Ihr Unternehmungsgeist und ihre Betriebsamkeit übten auch auf viele Einwohner Serimas einen geradezu magischen Einfluß aus. Diese durch die Hitze des Dschungels etwas verschlafenen, trägen, schwerfälligen Indianer schienen plötzlich aufzuleben, begannen lebhafter zu werden und zu überlegen. Daß die nächsten Anverwandten unserer Sippenmitglieder zu uns übersiedelten, war verständlich, aber es kamen auch andere, durchaus nicht blutsverwandte Angehörige des Stammes in unseren Kreis, wie von einer unwiderstehlichen Kraft angezogen. Sie gierten gewissermaßen nach unserer Freundschaft, fragten um Rat, suchten fröhliche Unterhaltung und hätten sich gern für ständig in der Nähe unserer Feuerstellen niedergelassen. Manauri aber widersetzte sich diesem Ansinnen, um nicht den Neid der ältesten aufzustacheln, die dem allem mit scheelen Augen zusahen.

Auf die Jagd gingen wir zu zweit oder zu dritt. Meine Begleiter waren gewöhnlich Arnak, Wagura, Pedro und nach einiger Zeit auch Lasana, deren Mutter inzwischen zu ihr gezogen war. Ich begann jetzt, das Unwahrscheinliche, geradezu Betäubende dieses Urwalds in mich aufzunehmen und zu erleben. In den heimatlichen Wäldern Virginiens waren die mannigfaltigsten Bäume gewachsen, doch was waren sie gegenüber diesem chaotischen Übermaß, gegenüber der zügellosen Fülle der hiesigen Pflanzenwelt? Auch manches schwer zu durchdringende Dickicht hatte es im virginischen Wald gegeben, doch konnte man es nicht mit diesem Gewirr, mit dieser grünen Furie, mit dem unerbittlichen Drängen der Äste, Blätter, Schlingpflanzen, Stacheln und Dornen vergleichen, in dem es so schwer war, auch nur einen Schritt vorwärts zu tun, wo sich Fesseln um den Körper legten, wo der Mensch gedrückt und gewürgt wurde, daß Denken und Fühlen zu versagen drohten. Dem Auge bot sich nur ein sinnloses, abstoßendes Chaos, doch die Sinne des erfahrenen Waldläufers vermochten in dem scheinbaren Wirrwar die ordnende Vernunft der Natur und ihre weisen Lebensgesetze wahrzunehmen, schlürften diese wilde Schönheit und schöpften ein eigenartiges herbes Lustgefühl. Niemals aber konnte man wissen, ob dieses unübersichtliche Dickicht dem Menschen als schenkender Freund oder als unerbittlicher Feind gegenübertreten würde.

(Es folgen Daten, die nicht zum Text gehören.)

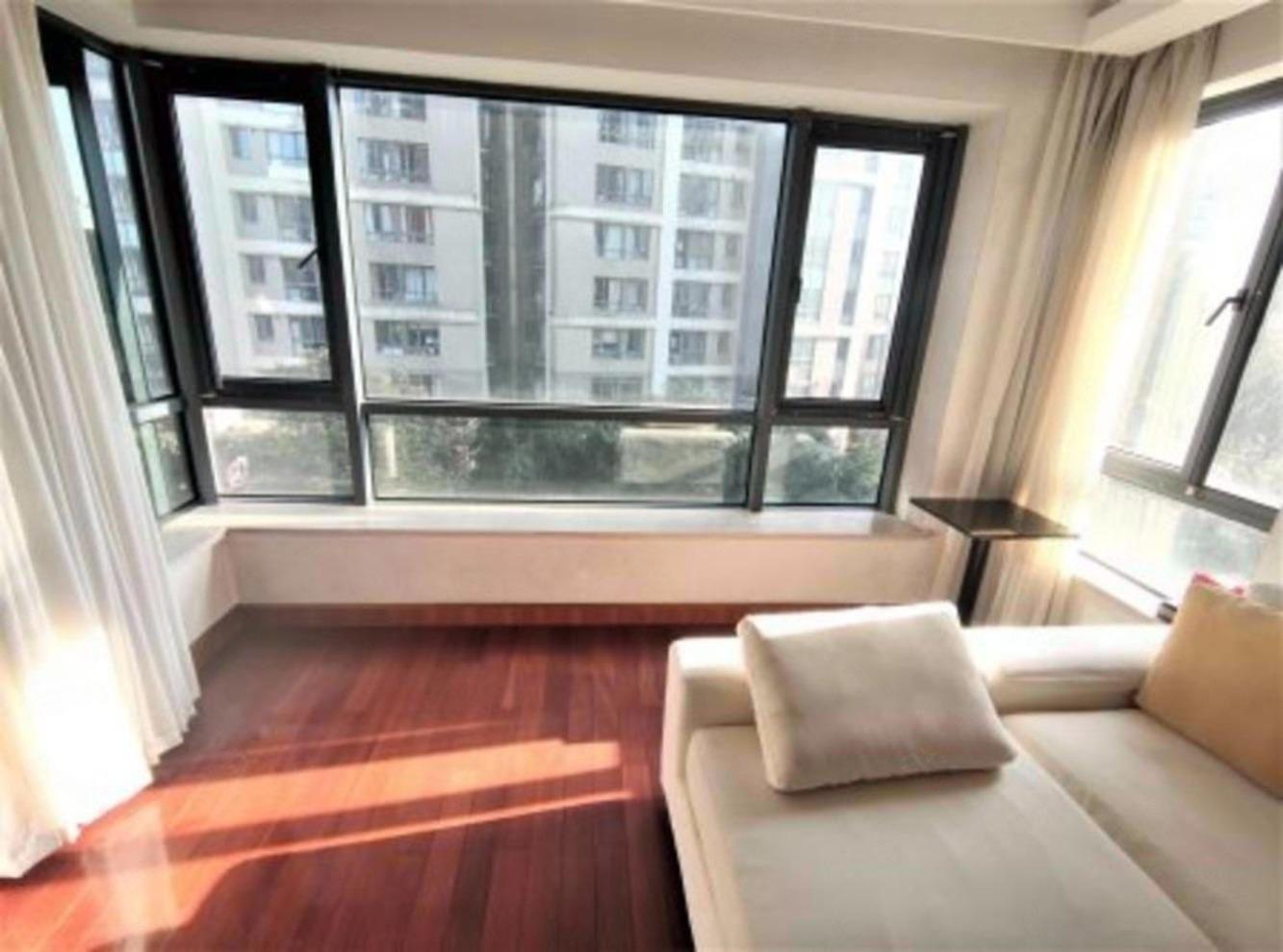 上海海上名门公寓二手房房源图片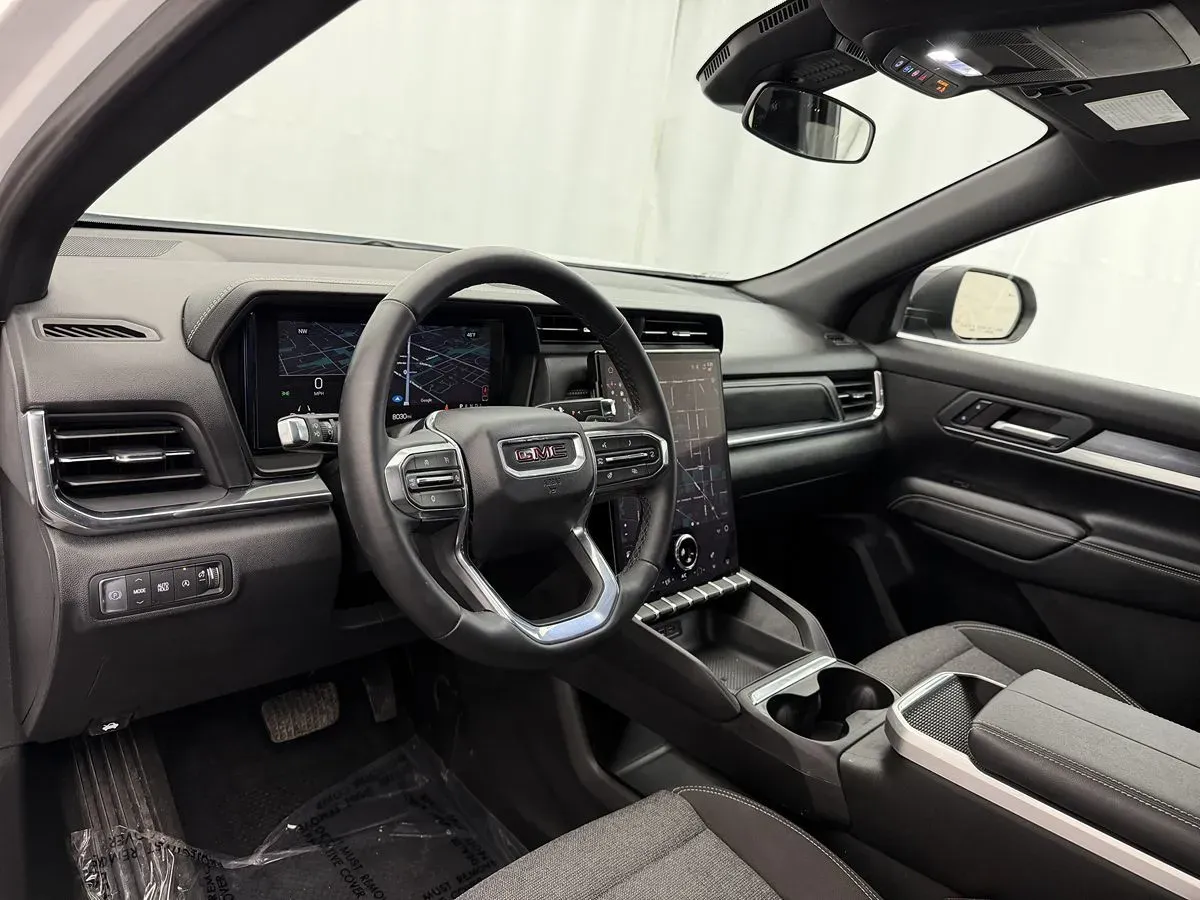 GMC Terrain photo 6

Obgleich die Tierwelt dieses Waldes so zahlreich war, bekam man sie nicht leicht zu Gesicht, und noch schwerer war es, ein Wild zu erlegen. Der grüne Vorhang verbarg jedes Tier, und dessen lauschende Sinne nahmen schon von weitem die Geräusche wahr, die der vordringende Jäger verursachte. Kleine Pfade zogen sich im Urwald hin, Pfade von Menschen und Pfade von Tieren. Nur auf ihnen konnte man sich leise bewegen und sich einem Wild nähern.